- Exercise -
Once you reach the line that holds "2015 Toyota RAV4" in the listing below, output it and every line after it through the line that holds "Sommerreifen ARIVO TERRAMAX", word for word.

- The data -
------

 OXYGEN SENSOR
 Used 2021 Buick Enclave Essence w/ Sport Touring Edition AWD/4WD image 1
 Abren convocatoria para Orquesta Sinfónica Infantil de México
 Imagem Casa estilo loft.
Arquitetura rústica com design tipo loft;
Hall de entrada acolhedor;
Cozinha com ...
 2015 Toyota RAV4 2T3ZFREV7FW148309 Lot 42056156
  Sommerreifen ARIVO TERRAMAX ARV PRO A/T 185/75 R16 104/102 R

------

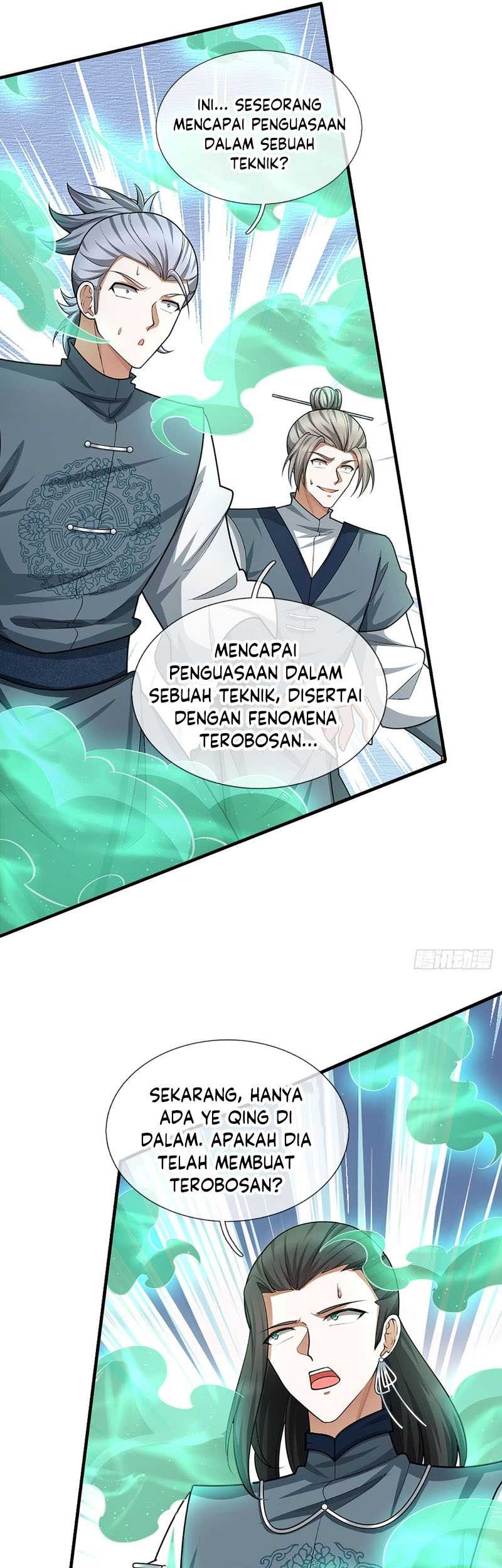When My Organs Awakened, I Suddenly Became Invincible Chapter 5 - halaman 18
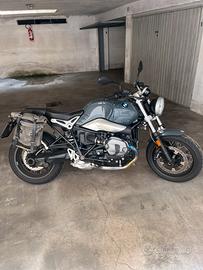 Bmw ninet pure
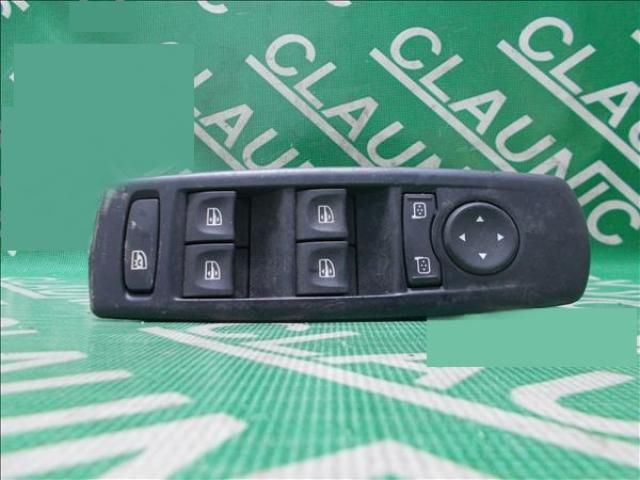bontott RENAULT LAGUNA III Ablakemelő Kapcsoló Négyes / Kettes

------

- Solved exercise -
 2015 Toyota RAV4 2T3ZFREV7FW148309 Lot 42056156
  Sommerreifen ARIVO TERRAMAX ARV PRO A/T 185/75 R16 104/102 R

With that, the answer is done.